Universities are worried about the costs they could incur to restart their labs and the possibility of repeating research work. There is widespread apprehension that “grantees may not be able to carry out the research promised under the terms of their awards.” Toby Smith, Vice President for policy at the Association of American Universities, notes that: “The longer the crisis lasts, the larger the impact on the overall scientific workforce, from doctoral students who can’t finish their dissertations to scientists at core user facilities that no longer have customers to pay the bills.” Therefore, U.S. university leaders have urged the White House Office of Management and Budget to reconsider the rules around research grants so that universities can cope with the unexpected delays and disruptions in planned research projects.   
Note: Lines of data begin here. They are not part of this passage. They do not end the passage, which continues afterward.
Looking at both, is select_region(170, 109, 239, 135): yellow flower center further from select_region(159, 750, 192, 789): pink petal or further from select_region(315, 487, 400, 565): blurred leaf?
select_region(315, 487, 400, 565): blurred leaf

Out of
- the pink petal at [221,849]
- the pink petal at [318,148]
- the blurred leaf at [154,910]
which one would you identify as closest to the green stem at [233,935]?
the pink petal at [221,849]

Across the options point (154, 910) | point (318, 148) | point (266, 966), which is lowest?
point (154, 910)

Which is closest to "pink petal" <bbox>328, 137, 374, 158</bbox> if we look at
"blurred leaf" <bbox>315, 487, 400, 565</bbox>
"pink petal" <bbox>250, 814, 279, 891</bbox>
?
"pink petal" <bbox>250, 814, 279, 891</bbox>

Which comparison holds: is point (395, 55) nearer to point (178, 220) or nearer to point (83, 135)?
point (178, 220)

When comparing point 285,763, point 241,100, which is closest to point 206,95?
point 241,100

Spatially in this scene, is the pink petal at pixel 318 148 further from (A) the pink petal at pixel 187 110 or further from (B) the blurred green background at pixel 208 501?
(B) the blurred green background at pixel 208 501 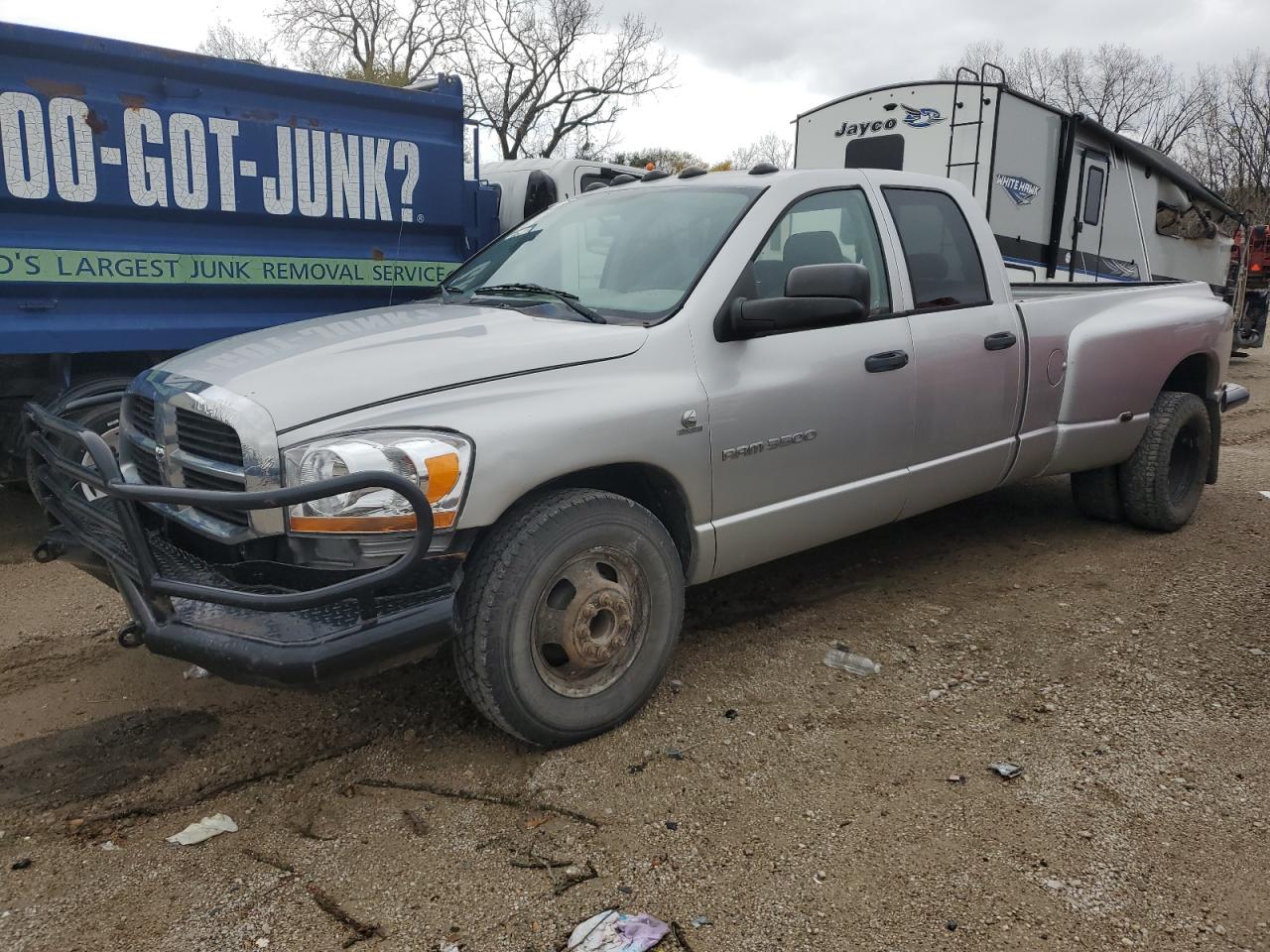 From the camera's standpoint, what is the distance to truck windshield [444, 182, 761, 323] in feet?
11.6

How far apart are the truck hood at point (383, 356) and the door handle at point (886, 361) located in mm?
1045

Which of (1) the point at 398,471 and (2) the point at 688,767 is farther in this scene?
(2) the point at 688,767

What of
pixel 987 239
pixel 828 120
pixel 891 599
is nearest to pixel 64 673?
pixel 891 599

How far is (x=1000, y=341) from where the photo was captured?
443 centimetres

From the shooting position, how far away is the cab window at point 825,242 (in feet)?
12.1

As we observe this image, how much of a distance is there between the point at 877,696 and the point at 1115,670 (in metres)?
0.99

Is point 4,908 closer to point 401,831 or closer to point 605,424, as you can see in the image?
point 401,831

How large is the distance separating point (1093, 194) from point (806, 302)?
9613 millimetres

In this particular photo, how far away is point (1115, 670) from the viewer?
3.80 metres

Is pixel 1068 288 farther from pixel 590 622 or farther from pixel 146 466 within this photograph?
pixel 146 466

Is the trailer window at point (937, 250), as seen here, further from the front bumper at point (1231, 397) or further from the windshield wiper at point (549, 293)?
the front bumper at point (1231, 397)

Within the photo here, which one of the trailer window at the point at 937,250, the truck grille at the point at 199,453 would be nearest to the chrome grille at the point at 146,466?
the truck grille at the point at 199,453

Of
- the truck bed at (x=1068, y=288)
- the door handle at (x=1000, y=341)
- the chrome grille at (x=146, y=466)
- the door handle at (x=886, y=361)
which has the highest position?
the truck bed at (x=1068, y=288)

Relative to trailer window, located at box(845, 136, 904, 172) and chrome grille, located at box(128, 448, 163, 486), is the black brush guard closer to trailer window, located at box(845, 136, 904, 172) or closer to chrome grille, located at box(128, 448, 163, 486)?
chrome grille, located at box(128, 448, 163, 486) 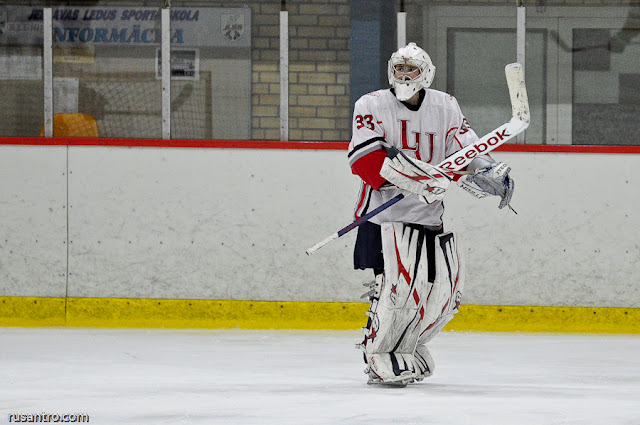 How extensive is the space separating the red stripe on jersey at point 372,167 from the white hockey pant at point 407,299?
15 centimetres

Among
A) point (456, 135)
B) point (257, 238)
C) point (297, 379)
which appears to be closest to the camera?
point (456, 135)

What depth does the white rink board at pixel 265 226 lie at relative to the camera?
6.49 meters

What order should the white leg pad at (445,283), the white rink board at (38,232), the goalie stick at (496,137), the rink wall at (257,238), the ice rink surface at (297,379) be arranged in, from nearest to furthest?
the ice rink surface at (297,379), the goalie stick at (496,137), the white leg pad at (445,283), the rink wall at (257,238), the white rink board at (38,232)

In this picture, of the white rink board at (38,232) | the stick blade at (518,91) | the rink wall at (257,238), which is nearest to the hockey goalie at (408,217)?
the stick blade at (518,91)

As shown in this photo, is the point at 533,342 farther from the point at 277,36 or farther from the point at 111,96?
the point at 111,96

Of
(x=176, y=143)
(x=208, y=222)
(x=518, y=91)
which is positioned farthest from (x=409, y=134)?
(x=176, y=143)

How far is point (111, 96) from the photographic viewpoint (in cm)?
684

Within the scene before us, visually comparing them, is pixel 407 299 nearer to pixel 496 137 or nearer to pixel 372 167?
pixel 372 167

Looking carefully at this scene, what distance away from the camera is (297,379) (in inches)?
178

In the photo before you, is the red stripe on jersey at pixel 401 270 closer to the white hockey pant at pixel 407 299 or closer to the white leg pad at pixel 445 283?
the white hockey pant at pixel 407 299

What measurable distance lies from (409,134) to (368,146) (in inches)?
6.5

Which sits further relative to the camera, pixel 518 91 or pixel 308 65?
pixel 308 65

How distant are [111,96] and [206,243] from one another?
0.97 metres

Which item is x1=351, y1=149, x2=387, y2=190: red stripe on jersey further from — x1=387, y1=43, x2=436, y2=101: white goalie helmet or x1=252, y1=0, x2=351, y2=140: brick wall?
x1=252, y1=0, x2=351, y2=140: brick wall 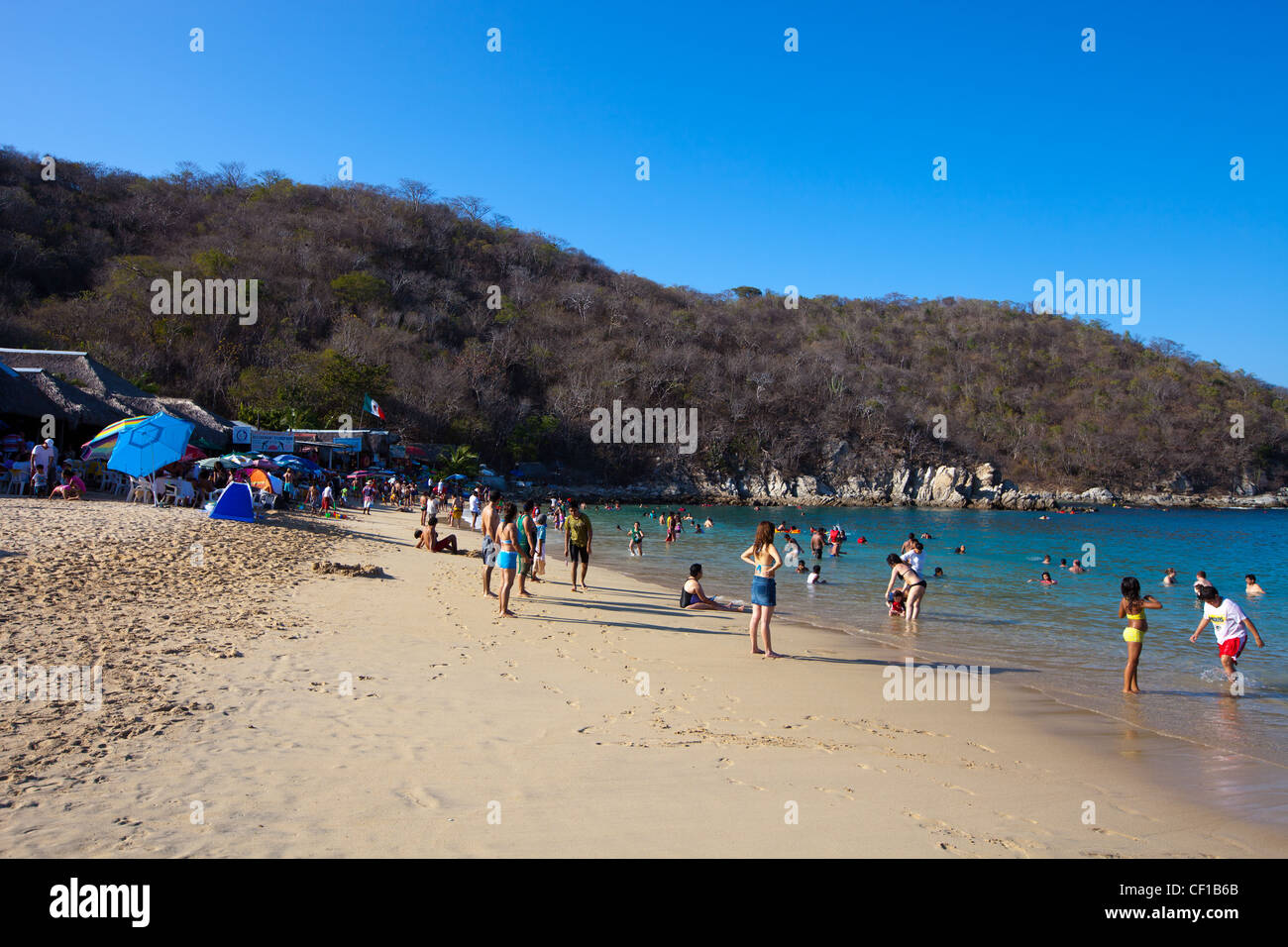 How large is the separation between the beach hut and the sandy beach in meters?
6.94

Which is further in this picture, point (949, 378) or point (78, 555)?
point (949, 378)

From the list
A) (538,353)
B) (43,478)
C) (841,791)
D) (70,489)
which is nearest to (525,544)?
(841,791)

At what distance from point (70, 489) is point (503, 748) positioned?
59.4 ft

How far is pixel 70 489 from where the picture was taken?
1723 cm

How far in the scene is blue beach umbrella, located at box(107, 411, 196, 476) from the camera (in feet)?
54.3

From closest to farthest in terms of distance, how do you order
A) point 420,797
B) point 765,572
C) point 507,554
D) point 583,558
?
point 420,797 < point 765,572 < point 507,554 < point 583,558

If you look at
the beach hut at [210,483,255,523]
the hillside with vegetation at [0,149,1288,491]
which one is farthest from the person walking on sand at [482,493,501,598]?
the hillside with vegetation at [0,149,1288,491]

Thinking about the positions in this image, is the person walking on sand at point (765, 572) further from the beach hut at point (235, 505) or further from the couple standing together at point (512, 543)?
the beach hut at point (235, 505)

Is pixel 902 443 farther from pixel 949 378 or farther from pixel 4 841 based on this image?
pixel 4 841

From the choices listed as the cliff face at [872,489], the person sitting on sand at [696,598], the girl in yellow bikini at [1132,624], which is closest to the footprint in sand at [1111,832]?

Perhaps one of the top concerns of academics is the impact of the pandemic on the investment in science and research over the next few years. The outbreak is exerting an extraordinary impact on the economy world over. Moreover, federal budgeting is likely to get strained due to this health crisis. European Commission president Ursula von der Leyen expressed concern that the budget for Horizon Europe, the European Union’s research framework programme, could get affected as member states may be cash strapped.

Though the pandemic has caused a major disruption in the research activities, a silver lining is that it has reminded everyone about “the core contributions of science to medicine and health,” says Caroline Wagner affiliated with the Ohio State University. She believes the crisis will underscore the importance of investing in science and research. It could also urge governments to increase funding for medical and health sciences.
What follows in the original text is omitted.